古部族研究会 編『古代諏訪とミシャグジ祭政体の研究』を読む

 古部族研究会 編『古代諏訪とミシャグジ祭政体の研究』(人間社文庫)を読む。ミシャグジ信仰について書かれた本が出たなんて嬉しい。古代諏訪の信仰については中沢新一藤森照信も書いていたし、今井野菊の本を読んだこともあった。古代諏訪に石神信仰があり、それをミシャクジとかミジャクジとかシャクジイとか呼んで、東京の石神井もその勢力圏だったと聞いたことがある。江東区亀戸駅近くには石井神社というのがあるが、これもシャクジイの一種で(だから訛っておしゃもじ神社とか呼ぶ)、葛飾区にある立石の地名も石神信仰らしい。その大もとが古代諏訪のミシャクジ信仰らしいから、マイナーっぽいながらも私には大当たりの本なのだ。
 古部族研究会というのは、野本三吉、北村皆雄、田中基の3氏が作っている。本書ではさらに諏訪出身の考古学者宮坂光昭と、もう亡くなってしまったが今井野菊が執筆している。今井野菊は茅野市の寒天屋の女将さんだったが、ミシャクジ信仰を研究して長野県、山梨県はもとより、関東から関西まで2,300か所を実地に歩いて調査している。古部族研究会の3人も今井野菊の指導を受けて研究したのだった。
 諏訪は古代に出雲に征服されている。天照大神に出雲の大国主命が国譲りを迫られて譲ったが、息子の建御名方(タケミナカタ)のみがそれを拒んで諏訪まで逃げ、諏訪で降参している。
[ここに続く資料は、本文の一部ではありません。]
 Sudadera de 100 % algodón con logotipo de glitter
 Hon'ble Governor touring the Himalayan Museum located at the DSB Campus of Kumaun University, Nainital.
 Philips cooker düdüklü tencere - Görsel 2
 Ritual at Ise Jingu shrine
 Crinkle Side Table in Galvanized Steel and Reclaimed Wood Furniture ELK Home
しかし諏訪から出ないことを約して許され諏訪を治めることになった。それまで諏訪を治めていたのは守屋(洩矢)という土着神だったが、争って出雲族の建御名方が守屋に勝つ。建御名方は諏訪大祝として君臨し、守屋は「神長官」としてそれに仕えた。その構図は現在まで続いている。
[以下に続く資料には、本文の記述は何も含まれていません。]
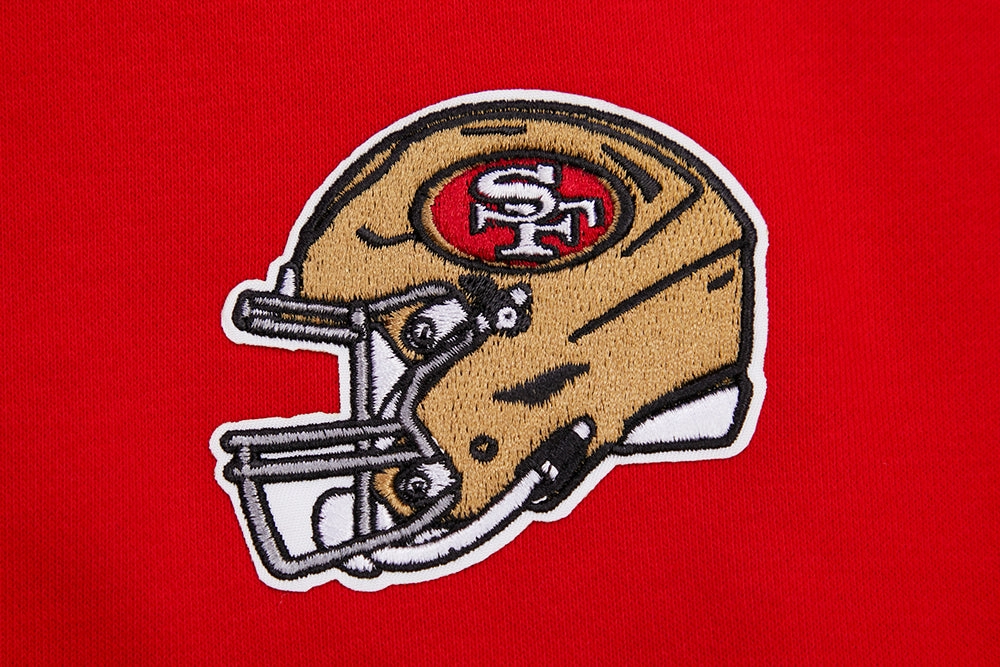 NFL SAN FRANCISCO 49ERS CLASSIC FLEECE CREWNECK (RED)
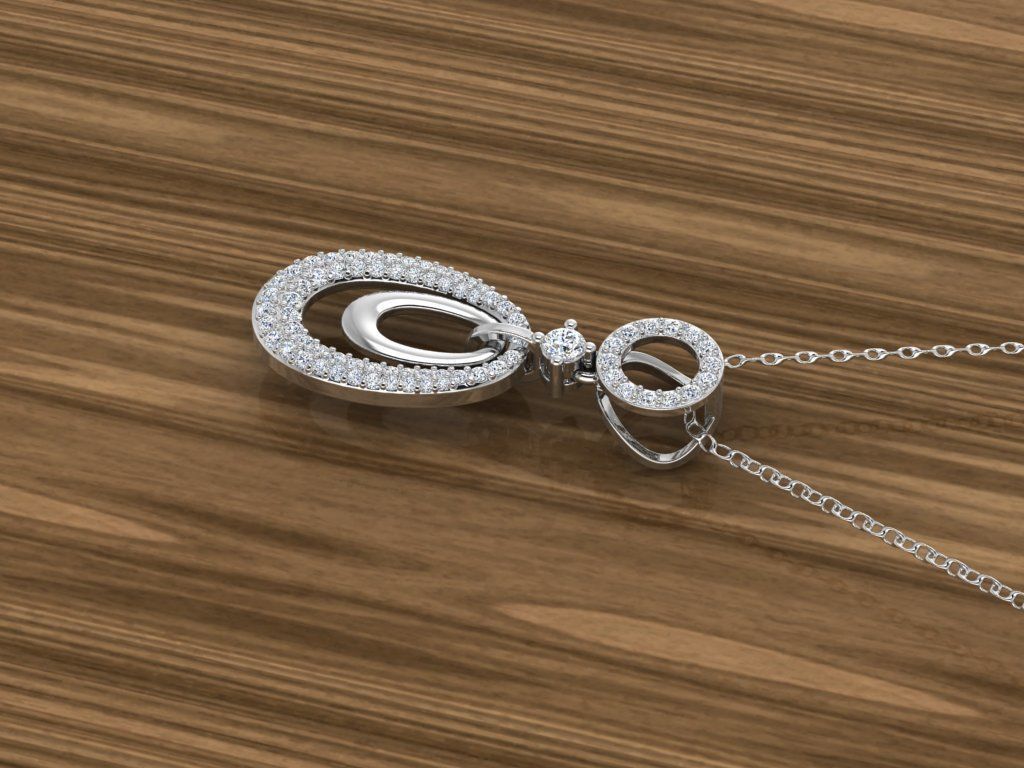 Jewelry Pendant 3D print model_9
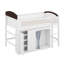 Lit mezzanine avec armoire de rangement, structure de lit mezzanine en bois avec éclairage DEL et garde-robe-123053229-123053232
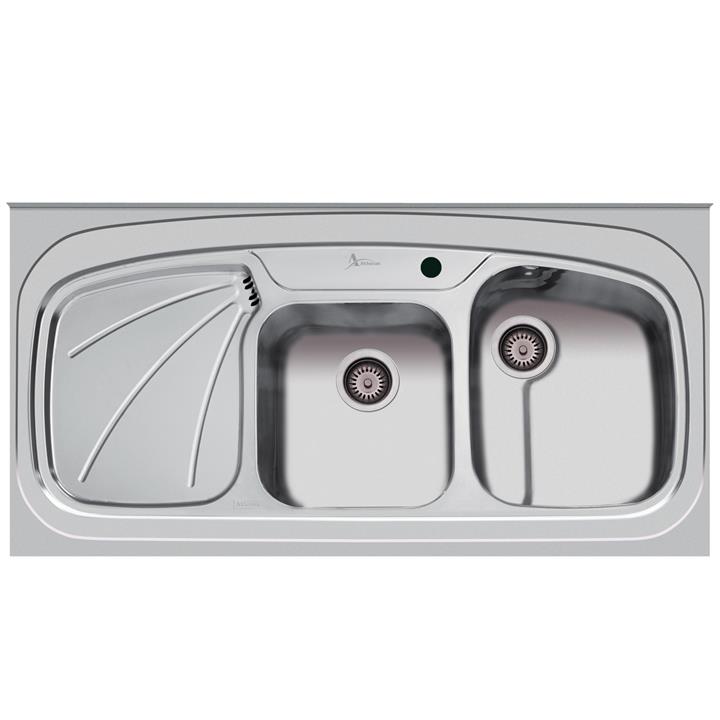 سینک فانتزی روکار اخوان  کد 25 لگن چپ (سایز120x50) Akhavan model 25 Sink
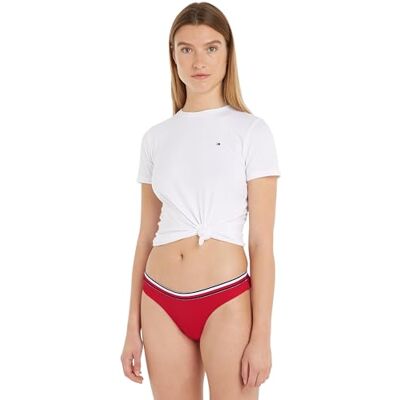 Tommy Hilfiger Dames Cheeky Hoge Been Bikini Primair Rood M, Primair Rood, M Tommy Hilfiger Dames Cheeky Hoge Been Bikini Primair Rood M, Primair Rood, M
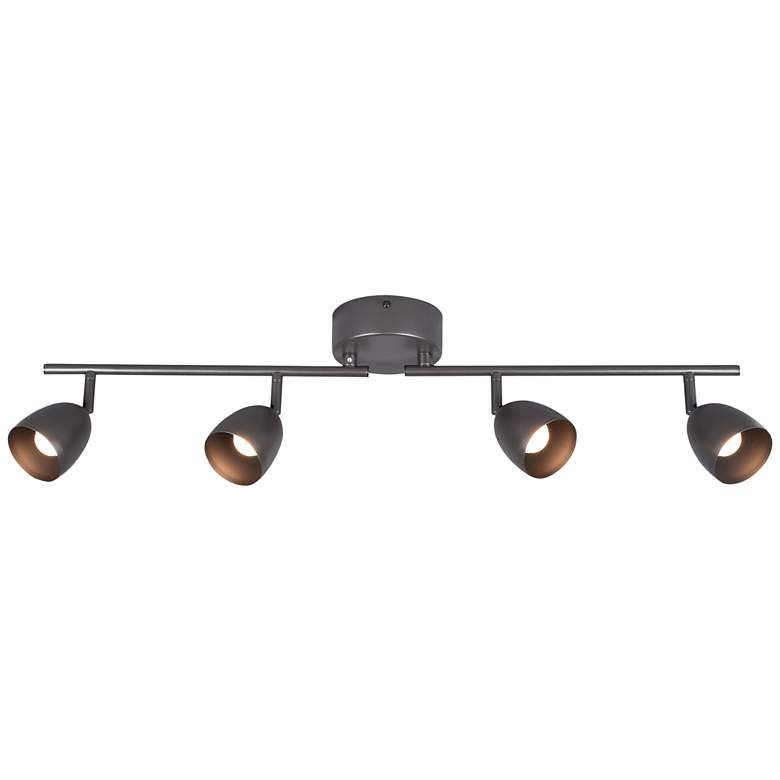 Image 1 Pro Track Bronze 4-Light White LED Track Fixture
 守屋はミシャグジ信仰を伝えて、それが近年まで続いていたらしい。特に春の祭りでは7,8歳〜10歳くらいの童子がオコウ様に選ばれ、潔斎したのち祭りのクライマックスで殺されたようだ。その神事はおそらく江戸時代までは続いていたらしい。田中基は、初めは大祝が殺されていたが、それが童子に変わり、その童子も村落の子だったのが乞食の子に代えられたと書いている。
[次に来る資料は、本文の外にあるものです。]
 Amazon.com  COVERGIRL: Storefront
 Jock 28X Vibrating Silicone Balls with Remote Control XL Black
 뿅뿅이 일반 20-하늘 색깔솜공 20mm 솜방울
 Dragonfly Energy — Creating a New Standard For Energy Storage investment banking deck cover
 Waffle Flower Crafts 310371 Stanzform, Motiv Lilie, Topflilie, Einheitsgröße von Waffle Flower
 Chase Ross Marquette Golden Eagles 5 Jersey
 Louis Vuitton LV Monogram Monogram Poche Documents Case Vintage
 何分あまりにも古い歴史なので実証的に書くことは難しいようだ。守屋神長官の末裔も以前は東京江東区の小学校の校長先生をやっていたと聞いたが、結婚しなかったので彼女で代が終わると聞いたような・・・。藤森照信茅野市に建てた神長官守矢資料館はその小学校の同級生だった守屋の末裔の校長先生から頼まれて設計したのだった。
 古部族研究会の3人は学者ではないので、古代史学者が見たら、つまり実証的には問題があるのかもしれない。しかし、今のうちにきちんと研究して記録しておくべきだと思う。古代諏訪からは歴史以前の古代日本が見えるのではないかと思われるのだ。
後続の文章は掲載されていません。